** Directions **
Instruction for the data below: set down exactly the lines from the line with "Bessie Chandelier-DWHOME" to the line with "Hallowell KSBN4821CGS Rookie", inclusive, and no others.

::: Records provided :::

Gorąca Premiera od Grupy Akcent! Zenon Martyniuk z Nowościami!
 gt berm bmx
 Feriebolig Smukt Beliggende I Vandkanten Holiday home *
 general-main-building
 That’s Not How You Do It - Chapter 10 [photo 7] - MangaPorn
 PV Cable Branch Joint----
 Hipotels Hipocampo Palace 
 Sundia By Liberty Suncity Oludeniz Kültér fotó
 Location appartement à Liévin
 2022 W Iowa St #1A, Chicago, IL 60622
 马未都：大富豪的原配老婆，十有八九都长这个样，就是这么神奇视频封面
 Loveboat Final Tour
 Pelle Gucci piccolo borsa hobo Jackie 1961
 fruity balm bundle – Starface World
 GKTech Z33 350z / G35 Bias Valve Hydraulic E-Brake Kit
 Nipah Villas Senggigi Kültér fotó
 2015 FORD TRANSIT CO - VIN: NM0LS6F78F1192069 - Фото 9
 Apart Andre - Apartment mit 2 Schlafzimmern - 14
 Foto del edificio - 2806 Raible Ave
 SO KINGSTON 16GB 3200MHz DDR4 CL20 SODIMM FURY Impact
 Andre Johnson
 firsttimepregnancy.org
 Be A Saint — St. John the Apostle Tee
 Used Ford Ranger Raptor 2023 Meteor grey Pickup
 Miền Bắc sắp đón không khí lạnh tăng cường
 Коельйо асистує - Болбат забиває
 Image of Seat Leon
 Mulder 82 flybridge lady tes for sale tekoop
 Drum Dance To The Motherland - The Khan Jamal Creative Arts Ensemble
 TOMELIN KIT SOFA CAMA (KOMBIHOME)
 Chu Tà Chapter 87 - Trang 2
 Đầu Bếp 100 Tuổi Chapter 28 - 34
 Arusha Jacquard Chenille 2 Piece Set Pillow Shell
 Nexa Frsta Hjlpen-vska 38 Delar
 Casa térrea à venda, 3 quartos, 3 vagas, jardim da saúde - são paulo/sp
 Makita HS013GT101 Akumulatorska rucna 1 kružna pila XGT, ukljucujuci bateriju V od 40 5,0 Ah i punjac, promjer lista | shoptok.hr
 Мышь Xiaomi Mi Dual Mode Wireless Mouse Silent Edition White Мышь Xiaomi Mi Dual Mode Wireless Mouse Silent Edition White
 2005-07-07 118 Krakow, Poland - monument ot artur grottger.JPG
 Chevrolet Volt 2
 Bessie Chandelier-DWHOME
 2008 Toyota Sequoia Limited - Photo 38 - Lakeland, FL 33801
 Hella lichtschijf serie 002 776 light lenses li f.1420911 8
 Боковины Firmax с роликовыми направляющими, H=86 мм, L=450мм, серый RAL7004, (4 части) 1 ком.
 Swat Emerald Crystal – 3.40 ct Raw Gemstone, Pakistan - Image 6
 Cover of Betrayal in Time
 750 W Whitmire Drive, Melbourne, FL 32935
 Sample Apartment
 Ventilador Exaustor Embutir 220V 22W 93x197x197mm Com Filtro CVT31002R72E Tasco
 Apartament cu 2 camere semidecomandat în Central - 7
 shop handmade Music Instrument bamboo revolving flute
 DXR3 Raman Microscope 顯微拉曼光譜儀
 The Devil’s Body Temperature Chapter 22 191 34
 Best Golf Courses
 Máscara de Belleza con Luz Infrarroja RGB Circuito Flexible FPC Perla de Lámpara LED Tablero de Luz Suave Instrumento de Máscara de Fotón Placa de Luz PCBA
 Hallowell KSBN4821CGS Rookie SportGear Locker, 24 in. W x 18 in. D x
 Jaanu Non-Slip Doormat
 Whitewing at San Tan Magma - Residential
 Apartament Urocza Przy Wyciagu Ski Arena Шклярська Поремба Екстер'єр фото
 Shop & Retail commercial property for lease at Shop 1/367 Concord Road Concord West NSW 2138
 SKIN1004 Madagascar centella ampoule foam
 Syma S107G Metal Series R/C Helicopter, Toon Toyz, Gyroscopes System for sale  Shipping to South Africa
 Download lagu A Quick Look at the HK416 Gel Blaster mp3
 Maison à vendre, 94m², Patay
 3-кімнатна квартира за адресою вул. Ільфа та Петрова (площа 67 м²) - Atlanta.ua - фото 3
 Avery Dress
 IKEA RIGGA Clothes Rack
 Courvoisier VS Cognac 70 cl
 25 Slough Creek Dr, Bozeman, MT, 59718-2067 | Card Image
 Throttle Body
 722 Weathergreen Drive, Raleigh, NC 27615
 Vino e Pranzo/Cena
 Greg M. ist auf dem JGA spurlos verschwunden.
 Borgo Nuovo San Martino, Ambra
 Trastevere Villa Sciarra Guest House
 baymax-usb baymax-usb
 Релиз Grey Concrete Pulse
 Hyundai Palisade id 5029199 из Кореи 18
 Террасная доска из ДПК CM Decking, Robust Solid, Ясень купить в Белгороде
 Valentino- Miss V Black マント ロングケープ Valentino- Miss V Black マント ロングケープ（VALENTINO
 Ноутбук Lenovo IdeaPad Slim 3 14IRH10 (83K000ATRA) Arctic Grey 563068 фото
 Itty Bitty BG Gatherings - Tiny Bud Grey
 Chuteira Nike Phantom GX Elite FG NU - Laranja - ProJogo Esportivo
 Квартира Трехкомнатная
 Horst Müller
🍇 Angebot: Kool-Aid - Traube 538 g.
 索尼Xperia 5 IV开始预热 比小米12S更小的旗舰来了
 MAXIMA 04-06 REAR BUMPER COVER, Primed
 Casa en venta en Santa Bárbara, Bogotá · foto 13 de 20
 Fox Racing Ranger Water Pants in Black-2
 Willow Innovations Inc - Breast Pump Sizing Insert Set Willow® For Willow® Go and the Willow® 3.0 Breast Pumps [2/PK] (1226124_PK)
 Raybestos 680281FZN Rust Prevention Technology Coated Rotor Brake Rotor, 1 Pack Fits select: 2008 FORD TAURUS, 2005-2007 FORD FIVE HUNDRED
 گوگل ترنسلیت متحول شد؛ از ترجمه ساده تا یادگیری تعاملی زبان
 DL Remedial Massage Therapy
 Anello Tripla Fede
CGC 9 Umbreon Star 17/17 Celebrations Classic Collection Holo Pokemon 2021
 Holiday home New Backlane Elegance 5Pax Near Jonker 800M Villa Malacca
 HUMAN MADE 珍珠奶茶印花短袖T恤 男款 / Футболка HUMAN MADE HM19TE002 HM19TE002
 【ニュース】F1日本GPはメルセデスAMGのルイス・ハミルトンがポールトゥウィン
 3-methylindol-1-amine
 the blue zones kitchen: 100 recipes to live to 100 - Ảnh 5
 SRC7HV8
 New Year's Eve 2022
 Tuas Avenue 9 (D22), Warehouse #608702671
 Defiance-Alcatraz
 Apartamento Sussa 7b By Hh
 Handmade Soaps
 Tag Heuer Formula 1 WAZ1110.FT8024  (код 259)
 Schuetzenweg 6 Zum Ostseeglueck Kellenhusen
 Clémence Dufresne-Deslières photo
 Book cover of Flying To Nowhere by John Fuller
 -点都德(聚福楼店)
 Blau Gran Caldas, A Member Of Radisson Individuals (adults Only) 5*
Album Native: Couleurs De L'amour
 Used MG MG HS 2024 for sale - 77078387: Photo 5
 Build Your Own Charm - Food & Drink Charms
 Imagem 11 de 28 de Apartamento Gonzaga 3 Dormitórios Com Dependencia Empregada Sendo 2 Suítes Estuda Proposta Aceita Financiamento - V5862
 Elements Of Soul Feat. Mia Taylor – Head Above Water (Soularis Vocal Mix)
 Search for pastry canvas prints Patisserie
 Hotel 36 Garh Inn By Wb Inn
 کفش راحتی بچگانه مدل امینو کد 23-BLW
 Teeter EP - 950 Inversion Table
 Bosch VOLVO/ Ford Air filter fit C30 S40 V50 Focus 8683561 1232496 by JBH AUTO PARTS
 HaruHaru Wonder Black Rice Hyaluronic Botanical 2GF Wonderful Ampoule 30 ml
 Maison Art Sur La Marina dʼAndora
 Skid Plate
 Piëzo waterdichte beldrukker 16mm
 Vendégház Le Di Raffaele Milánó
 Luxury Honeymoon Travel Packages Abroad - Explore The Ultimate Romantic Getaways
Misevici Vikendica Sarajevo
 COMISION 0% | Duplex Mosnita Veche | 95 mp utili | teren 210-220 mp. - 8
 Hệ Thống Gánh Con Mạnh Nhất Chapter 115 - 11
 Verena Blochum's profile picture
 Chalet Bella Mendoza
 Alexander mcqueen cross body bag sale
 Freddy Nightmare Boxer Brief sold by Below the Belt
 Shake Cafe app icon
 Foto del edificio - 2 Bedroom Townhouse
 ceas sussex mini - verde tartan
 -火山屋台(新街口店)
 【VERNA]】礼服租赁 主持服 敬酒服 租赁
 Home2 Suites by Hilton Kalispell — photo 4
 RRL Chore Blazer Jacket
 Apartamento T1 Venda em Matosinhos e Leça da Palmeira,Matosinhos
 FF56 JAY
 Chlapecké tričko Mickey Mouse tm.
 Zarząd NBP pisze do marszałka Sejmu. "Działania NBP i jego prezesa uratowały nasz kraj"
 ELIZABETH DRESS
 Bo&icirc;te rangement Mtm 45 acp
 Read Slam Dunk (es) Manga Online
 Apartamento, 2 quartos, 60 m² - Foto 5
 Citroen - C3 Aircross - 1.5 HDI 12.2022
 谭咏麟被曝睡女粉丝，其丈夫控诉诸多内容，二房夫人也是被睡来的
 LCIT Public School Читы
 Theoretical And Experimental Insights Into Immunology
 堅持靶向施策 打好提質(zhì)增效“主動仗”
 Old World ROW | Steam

:::

** Written answer **
 Bessie Chandelier-DWHOME
 2008 Toyota Sequoia Limited - Photo 38 - Lakeland, FL 33801
 Hella lichtschijf serie 002 776 light lenses li f.1420911 8
 Боковины Firmax с роликовыми направляющими, H=86 мм, L=450мм, серый RAL7004, (4 части) 1 ком.
 Swat Emerald Crystal – 3.40 ct Raw Gemstone, Pakistan - Image 6
 Cover of Betrayal in Time
 750 W Whitmire Drive, Melbourne, FL 32935
 Sample Apartment
 Ventilador Exaustor Embutir 220V 22W 93x197x197mm Com Filtro CVT31002R72E Tasco
 Apartament cu 2 camere semidecomandat în Central - 7
 shop handmade Music Instrument bamboo revolving flute
 DXR3 Raman Microscope 顯微拉曼光譜儀
 The Devil’s Body Temperature Chapter 22 191 34
 Best Golf Courses
 Máscara de Belleza con Luz Infrarroja RGB Circuito Flexible FPC Perla de Lámpara LED Tablero de Luz Suave Instrumento de Máscara de Fotón Placa de Luz PCBA
 Hallowell KSBN4821CGS Rookie SportGear Locker, 24 in. W x 18 in. D x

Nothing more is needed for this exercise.